The next boy to disappear was 18-year-old Robert Gilroy, who was last seen on 15 September 1977 on his way to catch a bus to meet friends. An investigation was launched but nothing would come of it until a year later, when 15-year-old Robert Piest also disappeared. Piest had disappeared after telling his mum he was meeting a man answering Gacy’s description about a contracting job. It was the beginning of the end for Gacy. An investigation was launched and Gacy became a prime suspect when police checked his record, to find that he had served time for sexual assault on a teenage boy.

Alarm bells rang and a search of Gacy’s home revealed marijuana and amyl nitrate, nylon rope, gay and child pornography, handcuffs, two driver’s licences, several items of clothing that were obviously too small for Gacy and a collection of rings, including one with the initials JAS engraved in it.

With no other options, the police booked Gacy with possession of marijuana while they waited for their experts to come back with the results on the items seized in the search of Gacy’s house. Bingo. The engraved ring belonged to the missing teen John Szyc and hair found in the boot of Gacy’s car was Robert Piest’s.

Then they discovered that three former employees of Gacy’s had also disappeared. Then Gacy admitted that he had indeed killed someone and buried the body under his garage. Investigators marked out the garage but instead they began with the crawlspace below the house, where they uncovered the first decomposing corpse. Gacy confessed to multiple murders, but in their wildest dreams investigators didn’t imagine how many young men he had killed until the bodies just kept coming, and coming and coming out of the house. In all there were 29. Two bodies were also found set in concrete under Gacy’s patio. The remains of another four were found in the Des Plains River.

Gacy confessed that he had committed his first murder in January 1972 and buried it under his house. His second killing was two years later, while he was married to Carole Huff and living there with her and her young daughters. His modus operandi was to trick his victims into being handcuffed, before stuffing their underwear into their mouths and assaulting them while holding a rope or board to their throats until they stopped breathing.

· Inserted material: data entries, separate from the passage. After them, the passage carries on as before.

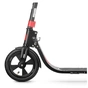 Самокат Blade Sport Air Cross Disk 230/230 mm,matt black (231182) - зменшене зображення 8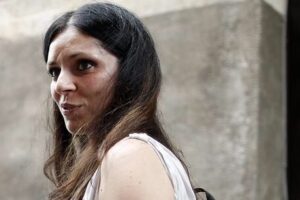 Meleo Campidoglio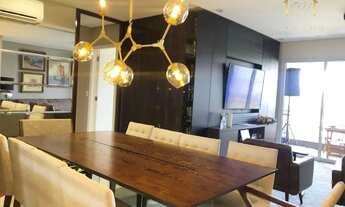 Imagem 2: Apartamento a Venda no Edifício Opera Prima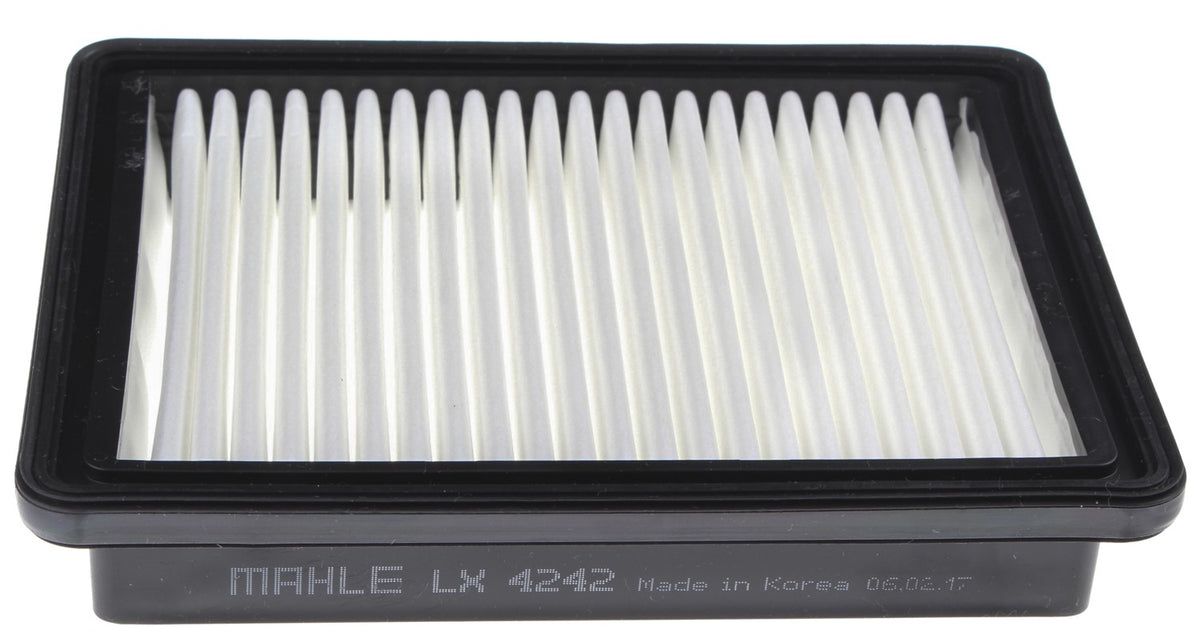 MCILX4242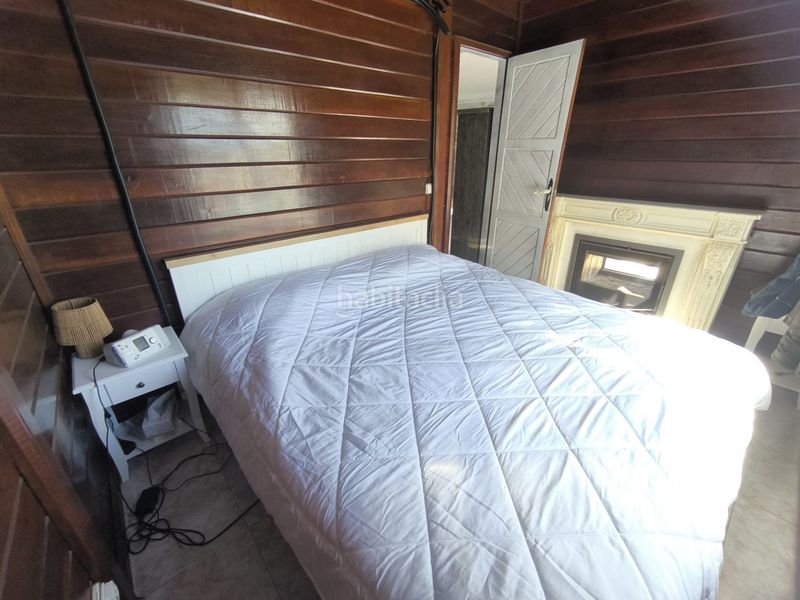 Foto 1fd2f259-8089-442a-89fc-981c3e533488. Casa a Cocentaina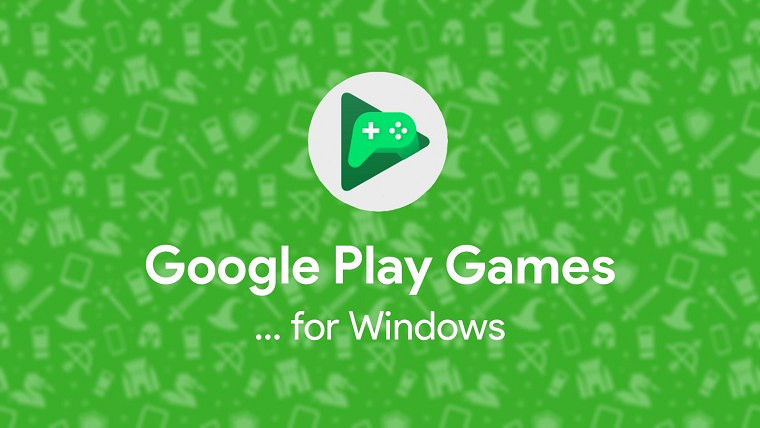 Xbox手把在PC上玩手遊?PC版Google Play宣布支援手把 Xbox手把在PC上玩手遊?PC版Google Play宣布支援手把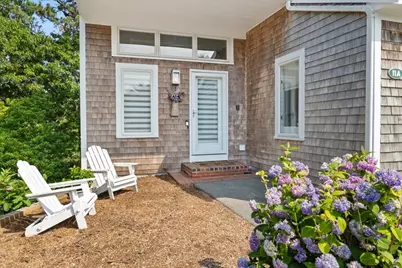 11 Riverview Ave #A, Mashpee, MA 02649 - Photo 37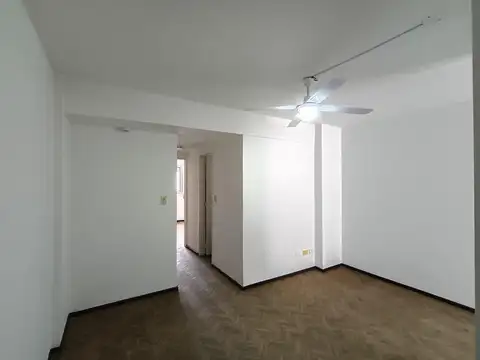 Departamento en Alquiler en Centro, Rosario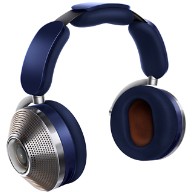 Dyson Zone Absolute+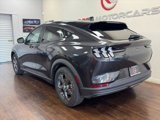 Used 2022 Ford Mustang Mach-E Select image 3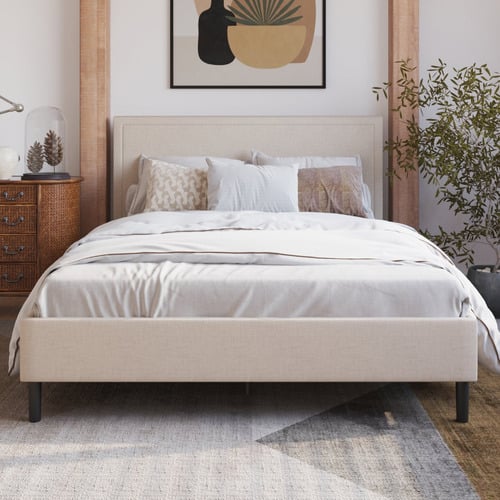 Aria-Upholstered-Bed-Frame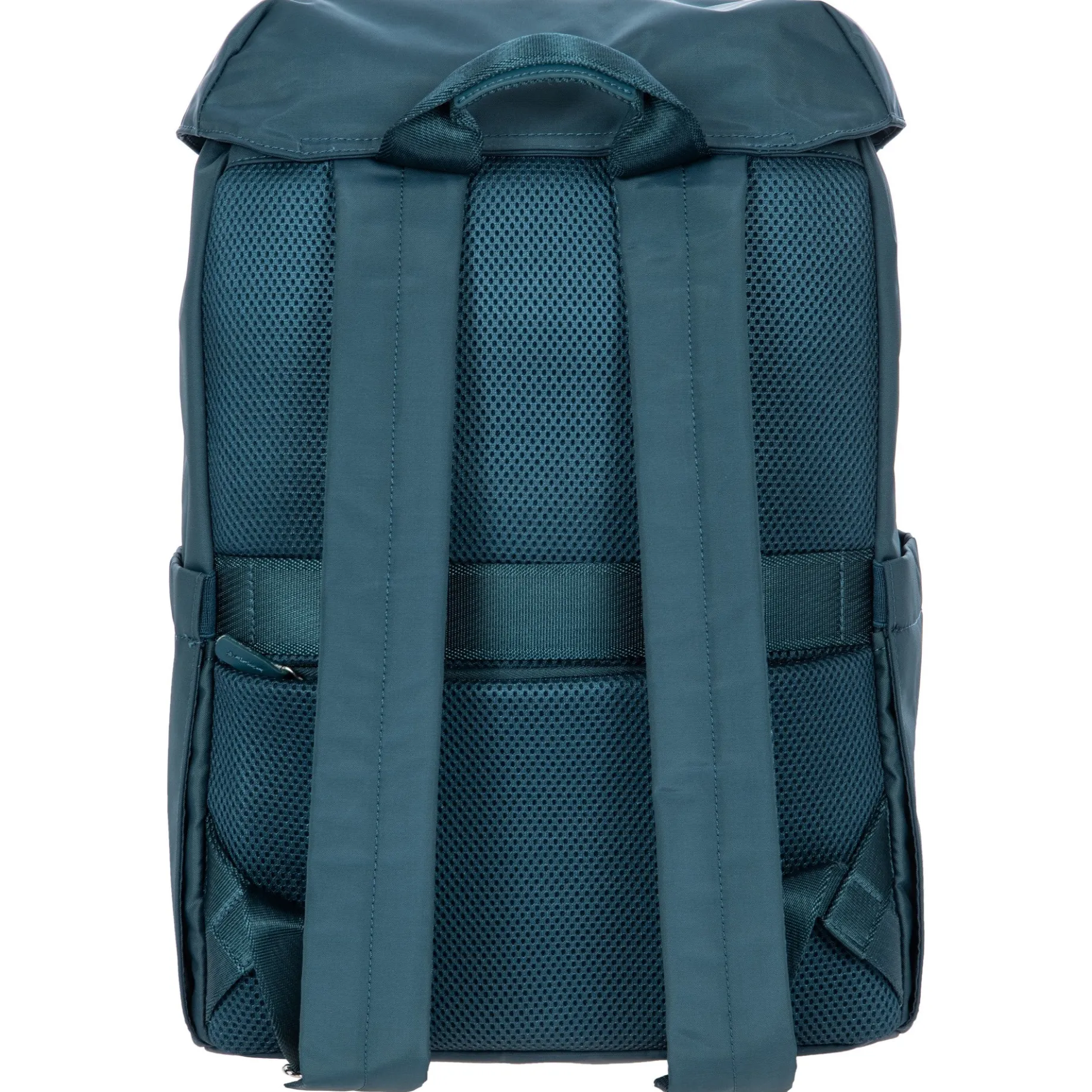 Positano - Rucksack 40 cm (oktan)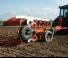 Kuhn Multi-Master 183 6E NSH + ZX 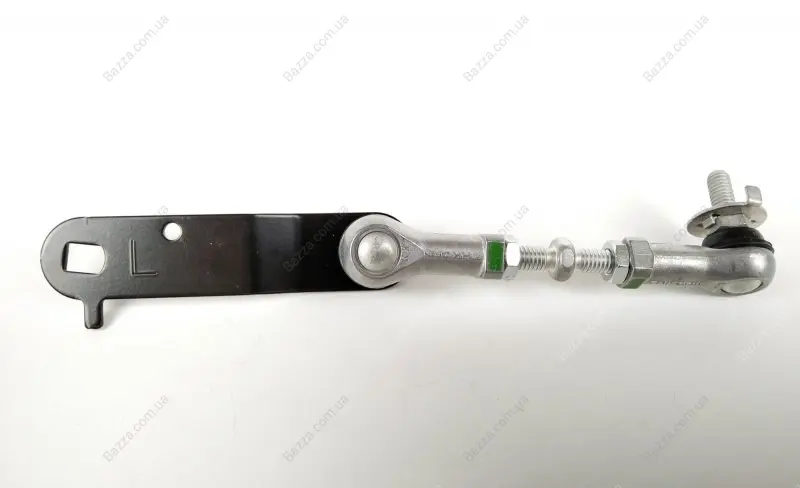 Тяга датчику положення кузову toyota 4890635020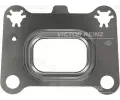 Tsnn kolektoru vfukovch plyn REINZ ‐ VR 71-11025-00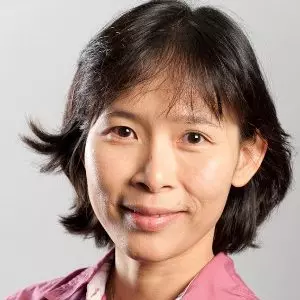 Vien Nguyen-Vu ☁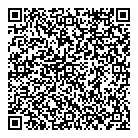 QR код "Литера"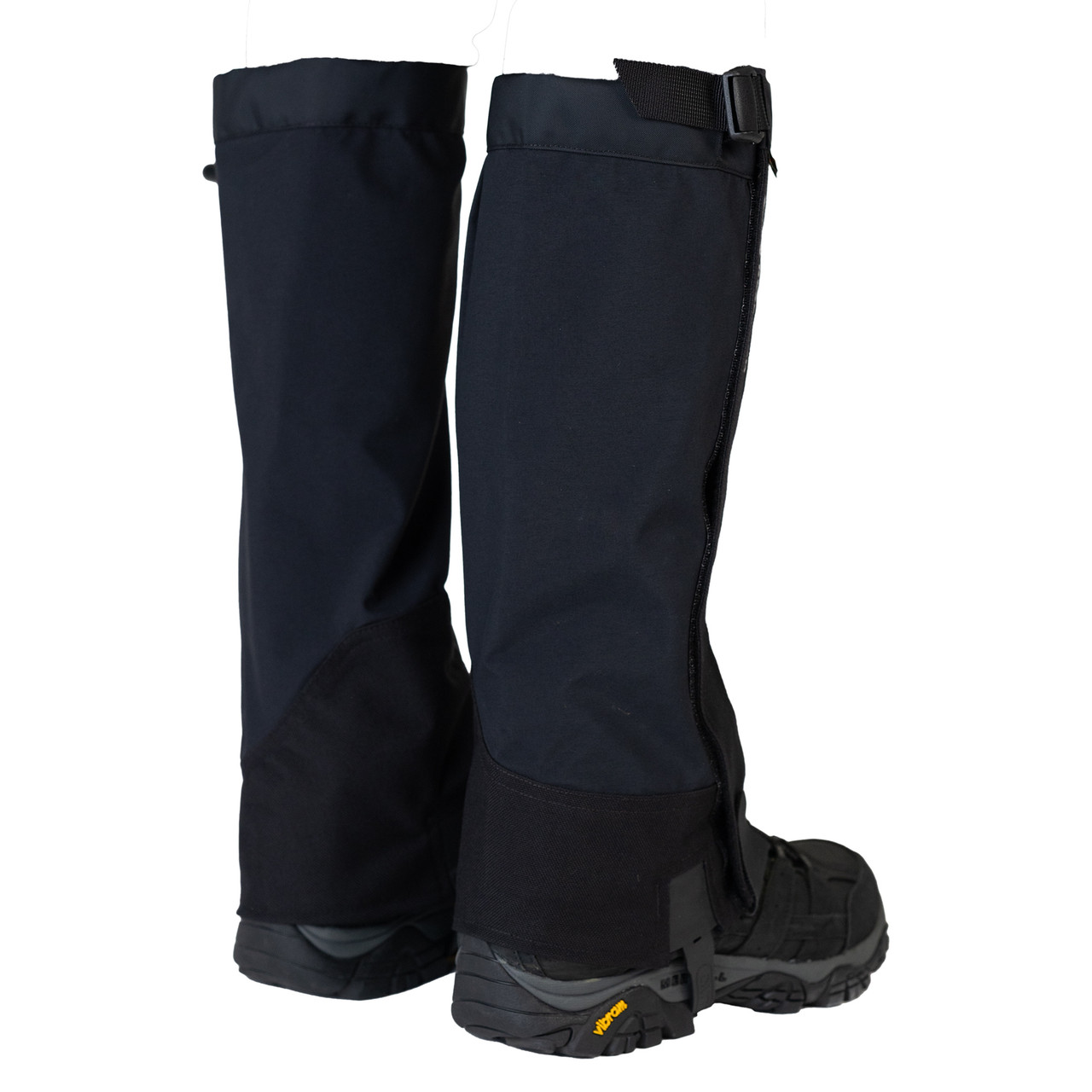 個人装備 Outdoor Research AOR2 Crocodile Gaiters Outdoor Research Crocodile Gaiters | UK | Ultralight Outdoor Gear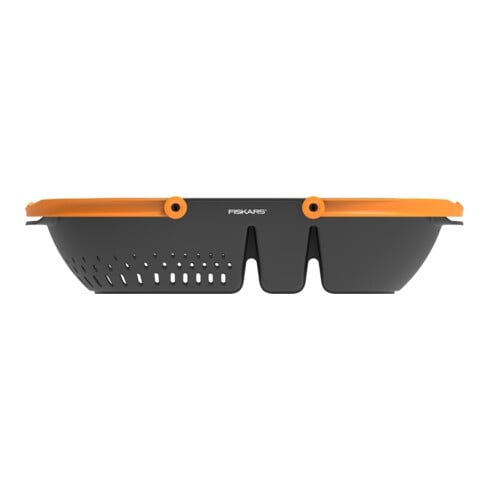 Fiskars Panier de récolte de jardin Plus
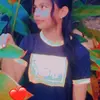 rachelccahinde - @rachelccahinde - TikTok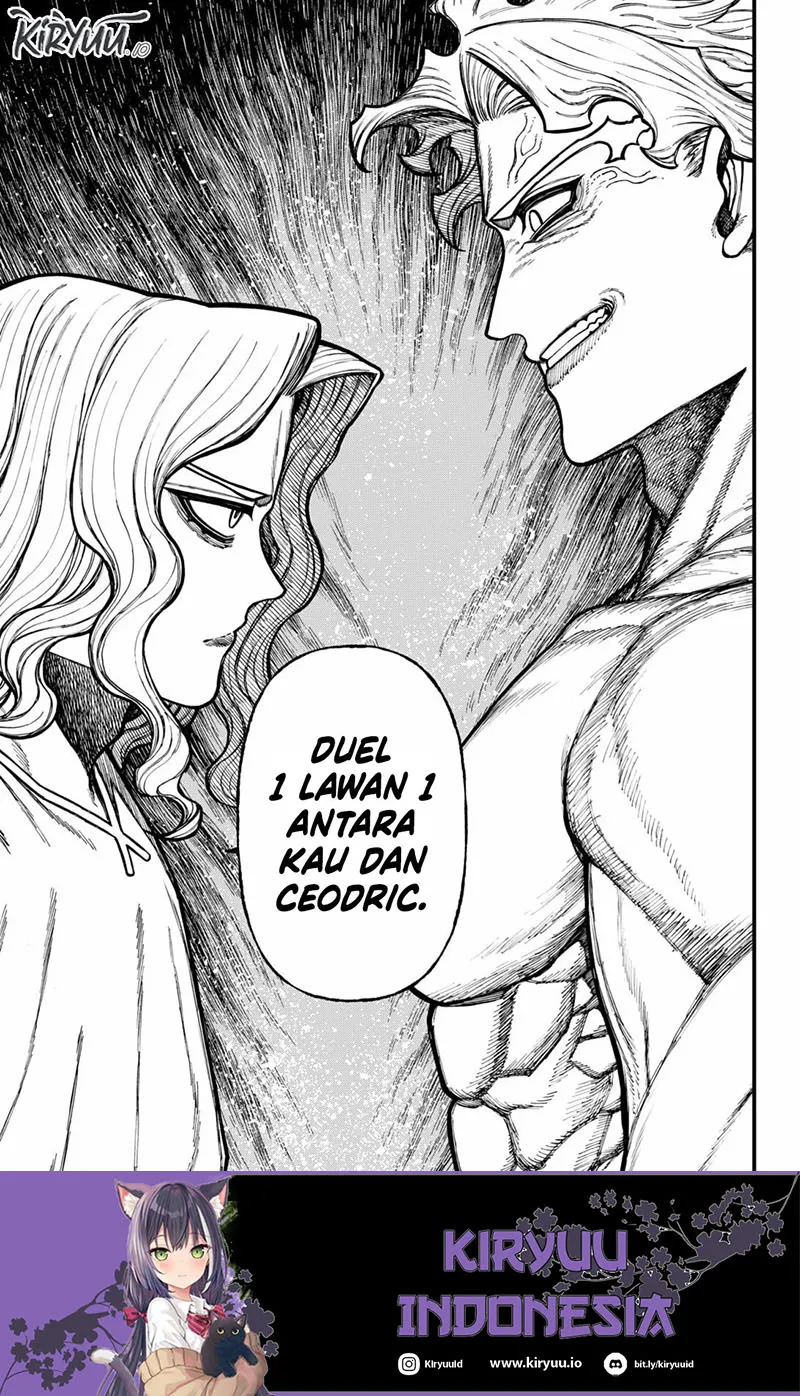 Chapter 84 - halaman 6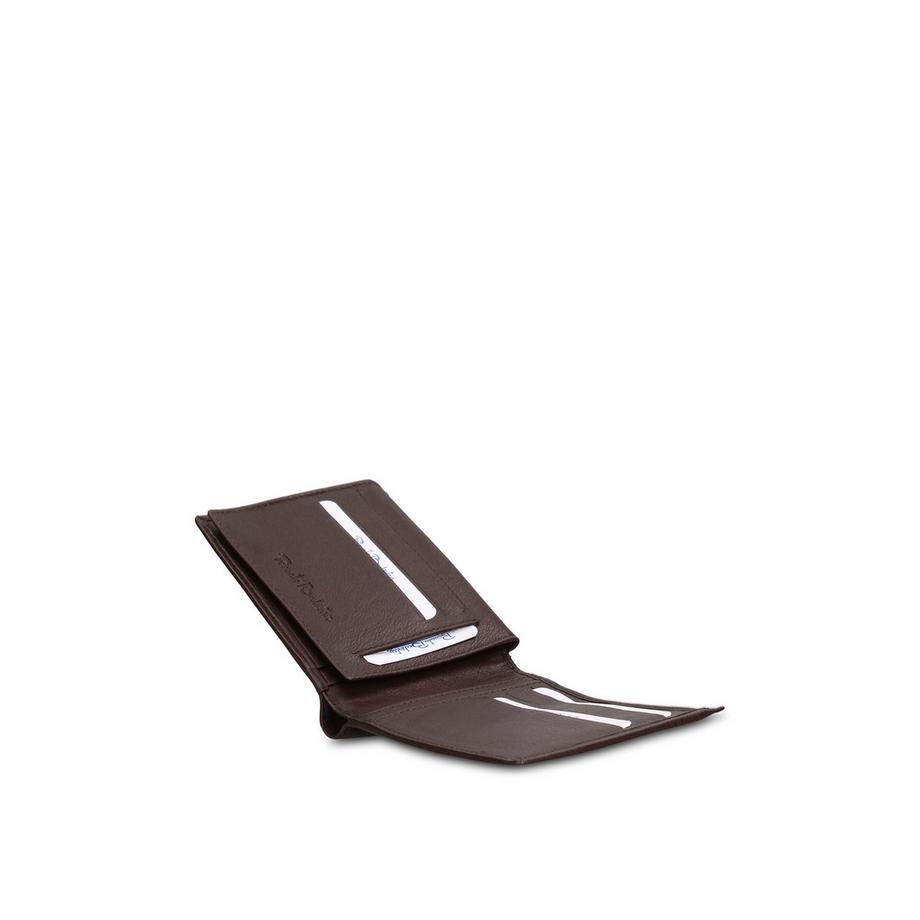 Renato Balestra Eldoro Chic Portefeuille Classique  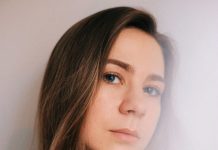 September may bring Taurus a possibility they never expected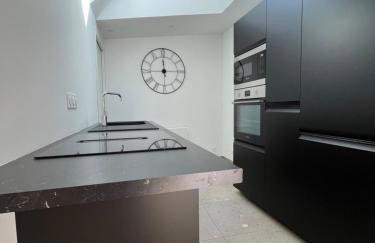 Maison de charme avec jacuzzi - Bretagne / île de Batz - Foto 5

Often he did it in his Pogo outfit. He kept the corpses under his bed for days, often interfering with them, before they were buried under the house.

With Pogo safely behind bars, by the spring of 1979 his house at 8213 West Summerdale, the killing field and graveyard for so many young men, had been reduced to ruin by the locals. They had thrown bricks at it, smashed the windows and even set fire to it. When the remains of the house were finally bulldozed down, a conspicuous vacant block of mud and slush was left that was a constant reminder of the bodies that had been buried there.

And still the onlookers came by the busload, to be reminded of Chicago’s most terrible resident since Al Capone. Grass was planted there as a silent memorial but, despite there being no logical explanation for it, neither grass nor trees would grow. A few weeds, but nothing peaceful would take hold in that horrible place. The lot remained vacant for a few years before it was bought and a new house was built on the spot.

Gacy’s murder trial began on 6 February 1980, with the prosecution painting a chilling picture of a monster that preyed on young men. Gacy’s only defence was that he was insane at the time of the murders, but the jury didn’t buy it and took just two hours to find him guilty of murdering 33 young men and violating them both alive and dead. To this day, it is the most convictions for any murderer in America’s history.

Gacy was sentenced to death and after years of frivolous appeals, on 9 May 1994 he was executed by lethal injection. That certainly took the smile off Pogo the Killer Clown’s face.